**Data block:**
○ ○ ○ ○ ○ ○ ○

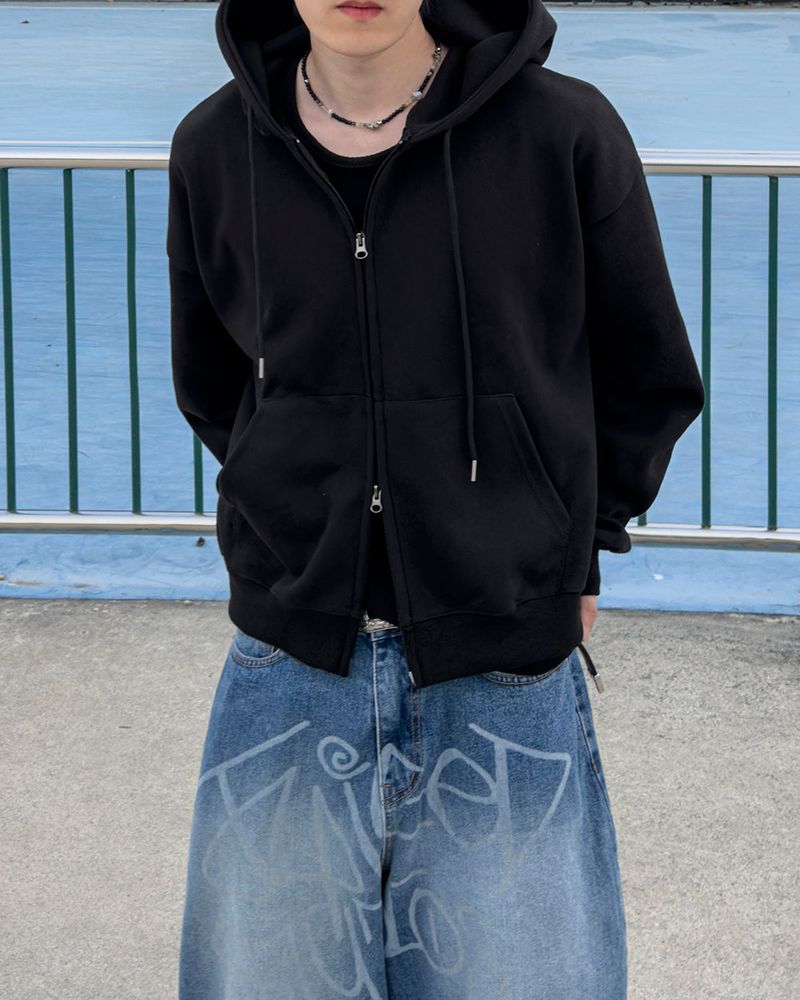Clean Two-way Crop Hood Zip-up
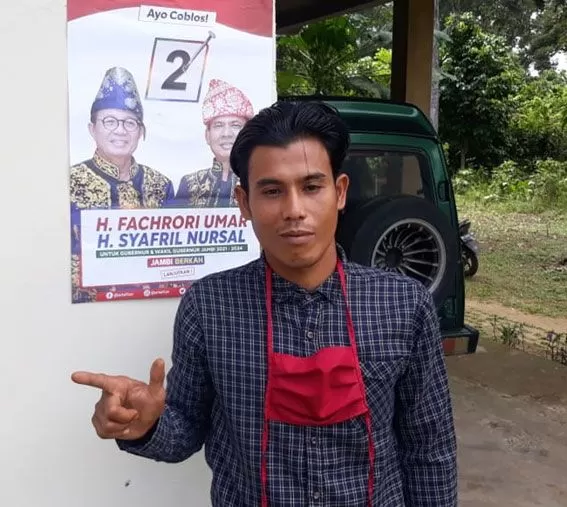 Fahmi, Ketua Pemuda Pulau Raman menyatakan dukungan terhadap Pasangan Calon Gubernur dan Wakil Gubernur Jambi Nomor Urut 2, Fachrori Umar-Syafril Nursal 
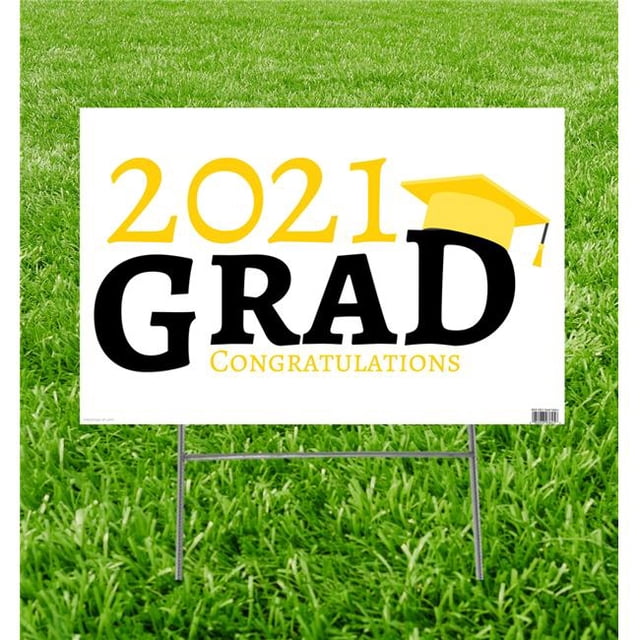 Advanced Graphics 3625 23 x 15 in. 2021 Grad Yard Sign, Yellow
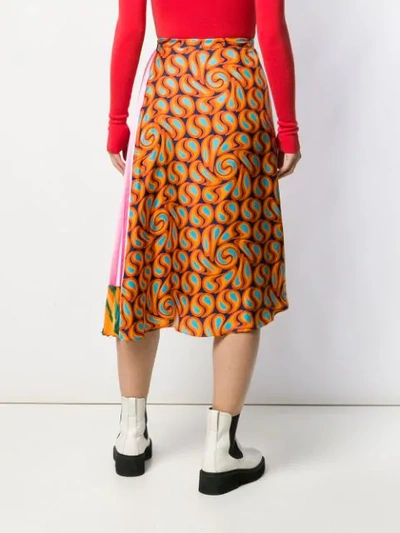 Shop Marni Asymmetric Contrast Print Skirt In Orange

○ ○ ○ ○ ○ ○ ○

**Task details:**
Return the listing above word for word. Keep the images out.

**Answer to this problem:**
Clean Two-way Crop Hood Zip-up
 Fahmi, Ketua Pemuda Pulau Raman menyatakan dukungan terhadap Pasangan Calon Gubernur dan Wakil Gubernur Jambi Nomor Urut 2, Fachrori Umar-Syafril Nursal 
 Advanced Graphics 3625 23 x 15 in. 2021 Grad Yard Sign, Yellow
 Shop Marni Asymmetric Contrast Print Skirt In Orange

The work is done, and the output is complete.